Captioned web images
--*--

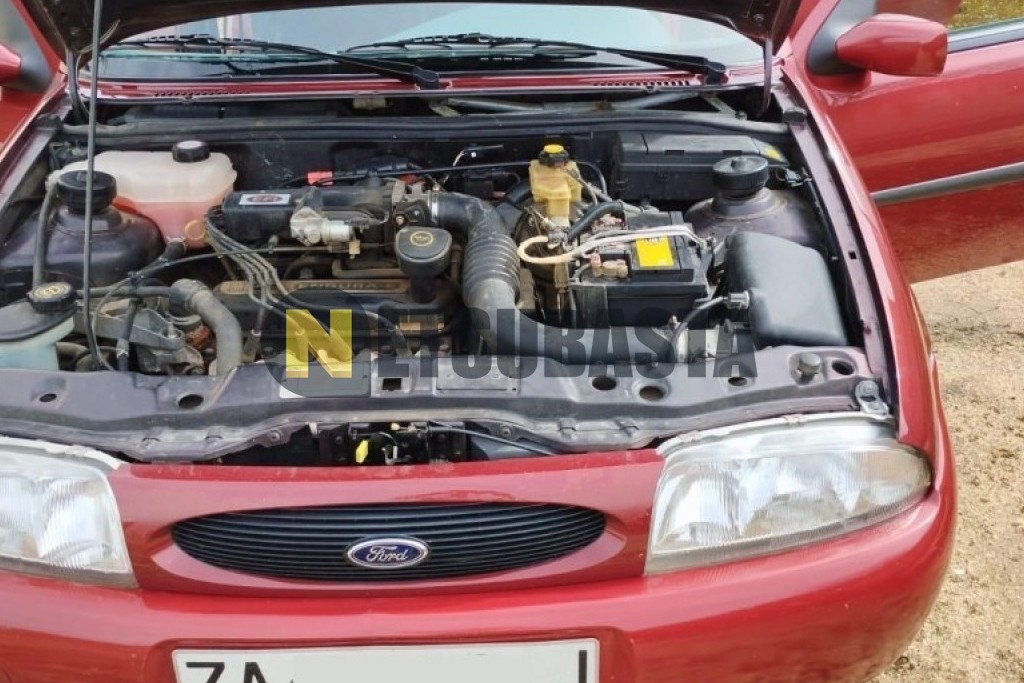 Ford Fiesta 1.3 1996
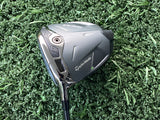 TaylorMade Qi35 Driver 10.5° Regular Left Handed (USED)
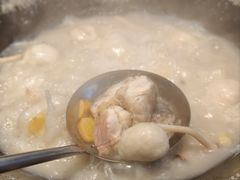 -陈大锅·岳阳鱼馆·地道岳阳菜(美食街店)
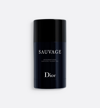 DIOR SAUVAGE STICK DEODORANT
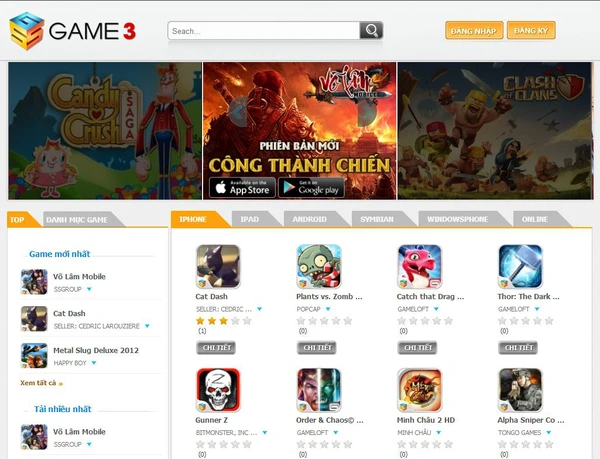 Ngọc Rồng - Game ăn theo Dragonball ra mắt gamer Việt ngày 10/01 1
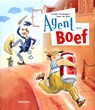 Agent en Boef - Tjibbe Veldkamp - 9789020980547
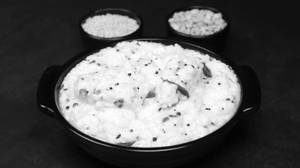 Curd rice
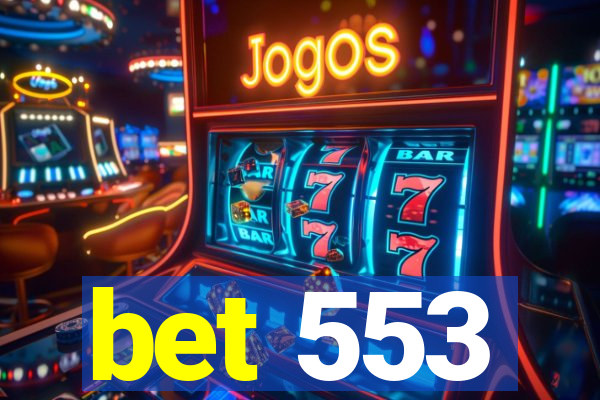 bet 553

--*--

Nothing but the exact text of the records should appear in your answer, with no pictures. Please write it out.

> [WRITTEN REPLY]
 Ford Fiesta 1.3 1996
 TaylorMade Qi35 Driver 10.5° Regular Left Handed (USED)
 -陈大锅·岳阳鱼馆·地道岳阳菜(美食街店)
 DIOR SAUVAGE STICK DEODORANT
 Ngọc Rồng - Game ăn theo Dragonball ra mắt gamer Việt ngày 10/01 1
 Agent en Boef - Tjibbe Veldkamp - 9789020980547
 Curd rice
 bet 553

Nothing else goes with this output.